İdlib özeline gelirsek: İdlib’in vilâyeti başka; ama İdlib’in bir de, Türk Silâhlı Kuvvetleri’nin gözlem noktalarıyla denetlediği bölümü var. Ve aslında sâha Heyet Tahrir-el Şam denetiminde. O da senin dediğin gibi El Kaide’nin türevi. Ama kendine yeni bir profil çizmeye çalışıyor. Senin tam o söylediğini Heyet Tahrir-el Şam yaptı aslında. Heyet Tahrir-el Şam Türkiye’nin de terör örgütleri listesinde, dünyada da terör örgütleri listesinde. Ama açıkça ilân da etti; “Bizim kesinlikle terör saldırısı gibi bir niyetimiz, stratejimiz yok” dedi. Burada da belli bir eşgüdüm yapıldığı görülüyor. Çünkü Heyel Tahrir-el Şam üyeleri, baskından hemen önce, Abdullah Kardaş’ın oturduğu evin “Ortadan çekilin” diye etrafa haber gezdiriyorlar, belirli yolları kesiyorlar. Muhtemelen filme alanlar da, Batı medyasına ulaştıran da onlar. Bu baskının nasıl yapıldığına dâir ufak tefek görüntüler var. 

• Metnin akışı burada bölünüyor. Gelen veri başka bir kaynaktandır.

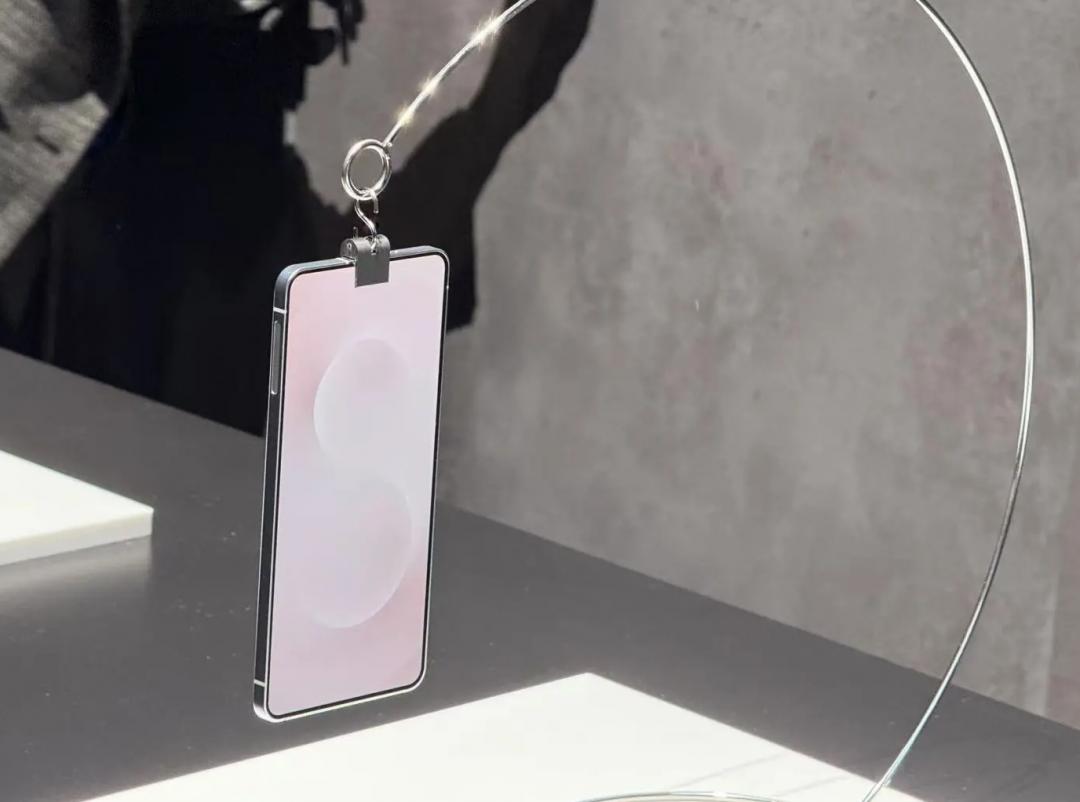 三星展示了S25 Edge,但沒有開放體驗。(圖/翻攝直播)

Yalnız şunu da hatırlamamız lâzım: İdlib zâten küçük bir yer. Bir de bunun yarısı Türkiye sınırında. Hemen sınırda duvar var. Duvarın dibine, Erdoğan’ın hep söylediği o biriketlerden yapılmış, Birleşmiş Devletler denetimine bırakılmış mülteci kampı var. Abdullah Kardaş’ın oturduğu ev aradaki alanda. Onun ötesinde Atme denilen yerleşim birimi var. Buranın nüfusu korkunç şişmiş vaziyette. Burayı Gazze gibi düşünmek lâzım. Ufacık bir alan. Benim duyduğum, kimi verilere göre 4-5 milyona çıkmış. 4-5 olmasın, 3 milyon olsa dahi korkunç bir rakam bu. Âmiyâne tâbirle, alanın satanı bilmediği bir yer. Heyet Tahrir-el Şam bile oraya hâkimim diyor; tabii bu, şiddet idâresi. El Bağdadî açısından da, Abdullah Kardaş açısından da, oralar en son aranılacak yerler ve ikisinin de kalabalığa en kolay karışabileceği yer. 

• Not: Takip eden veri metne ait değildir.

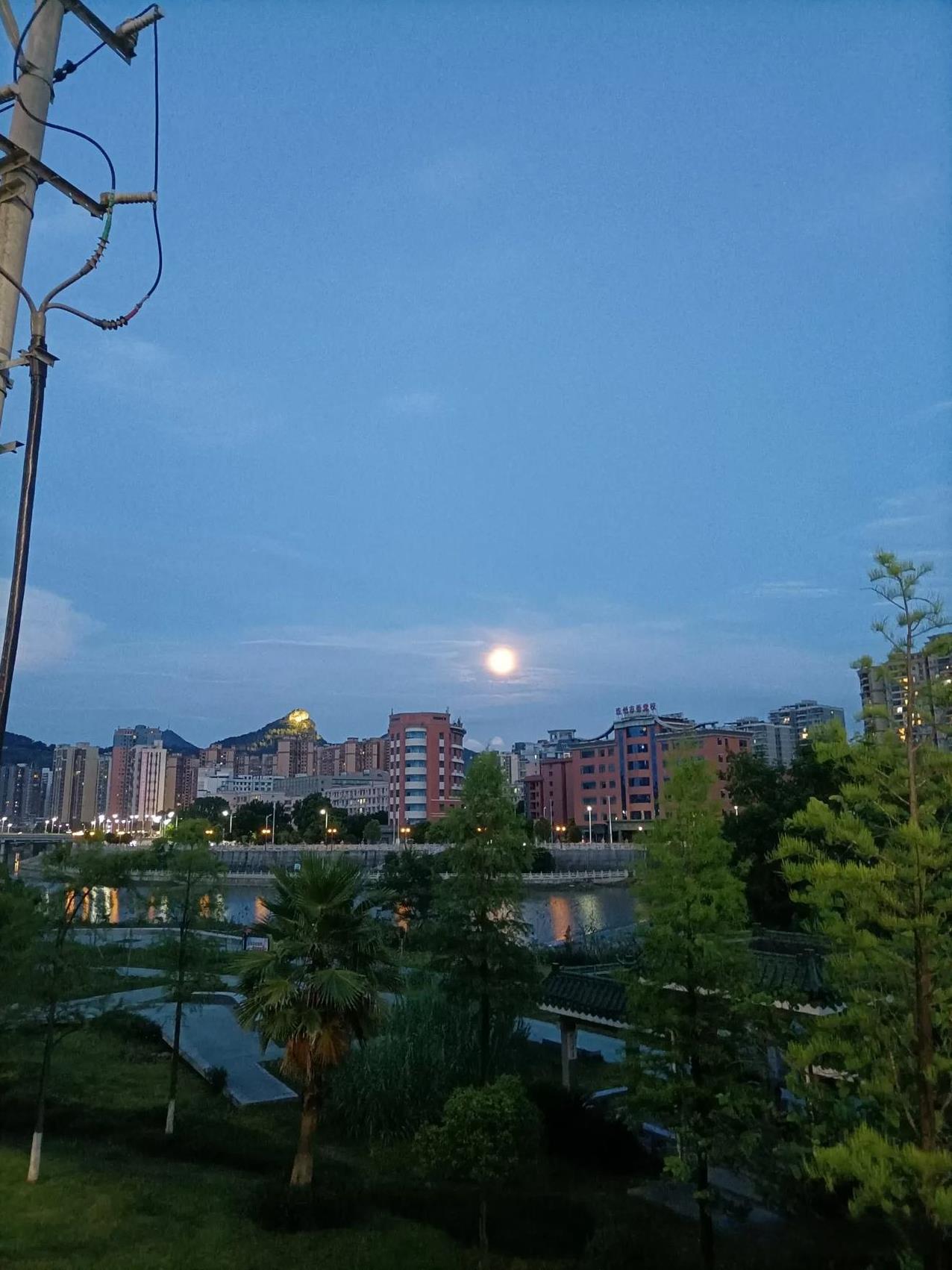 这话题让我想起了一个同事的遭遇，真是啼笑皆非。
我那个同事个子不高，长得其貌不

Fırat’ın doğusu Haseke’nin de buna benzer olduğu söylenebilir. Ama orada SDG’nin de yeterince istihbarat ve güvenlik denetimi yapamadığı görülüyor. Türkiye hep ABD’yi “Bunlara destek veriyorsunuz” diye hep eleştiriyor ya; demek ki ABD de yeterli destek vermiyor. İlk başta konuştuğumuza dönersek, ABD de, “Olmasın, yokmuş gibi davranalım” yaklaşımını sürdürüyor denebilir. 

Ruşen Çakır: IŞİD’in en kritik noktası neydi? Önce Musul’u, ondan sonra da Rakka’yı alıp…

Aydın Selcen: Sınırı kaldırdı.

Ruşen Çakır: Hilâfet devleti ilanıydı. Küresel Selefî hareketi yepyeni bir şey. Yani küreseli yerele taşıdı. İlginç bir dönüm noktasıydı. “Bu akıllıca bir şey mi, değil mi?” meselesini uzmanların tartıştığını biliyorum.

Aydın Selcen: Alan denetimi iddiası, onlar açısından doğru strateji mi, değil mi?

Ruşen Çakır: Evet. Ama sonunda ne oldu? O dönemi hatırlarsan, dünyanın dört bir tarafından insanlar, IŞİD’e katılmaya gittiler. Eskiden El Kaide’ye katılmak, savaşa katılmaktı. Ama şimdi burada devlet ilânıyla berâber, hayâta katılmak oldu. Böyle çoluk çocukla… Hiç unutmuyorum, İngiltere’de The Guardian haberini yapmıştı: Aslen Hindistan veya Pakistan kökenli bir aile fotoğrafı vardı. Dedeler, nineler, torunlar, torunun çocuğu gibi bütün sülâle gitmiş. Avrupa’dan çok kişi gitti. Türkiye’den de çok insan gitti. Şöyle şeyler de oluyordu: Gidiyorlar, bir müddet kalıyorlar, sonra yaz tatiline Türkiye’ye dönüyor, para kazanıyorlar, iş kuruyorlar. Böyle kısa bir dönem oldu. O dönemde bir câzibe merkezi oldu; ama aynı zamanda da en büyük avantajından mahrum oldu. O da küresel olmanın getirdiği, bulunamamak, ulaşılamamak ya da toplu halde bulunamamak. Ama sonra ne oldu? ABD, SDG adıyla, YPG ile birlikte Rakka’ya bir operasyon düzenledi ve orayı büyük ölçüde yok etti. Böyle garip bir grafiği var. 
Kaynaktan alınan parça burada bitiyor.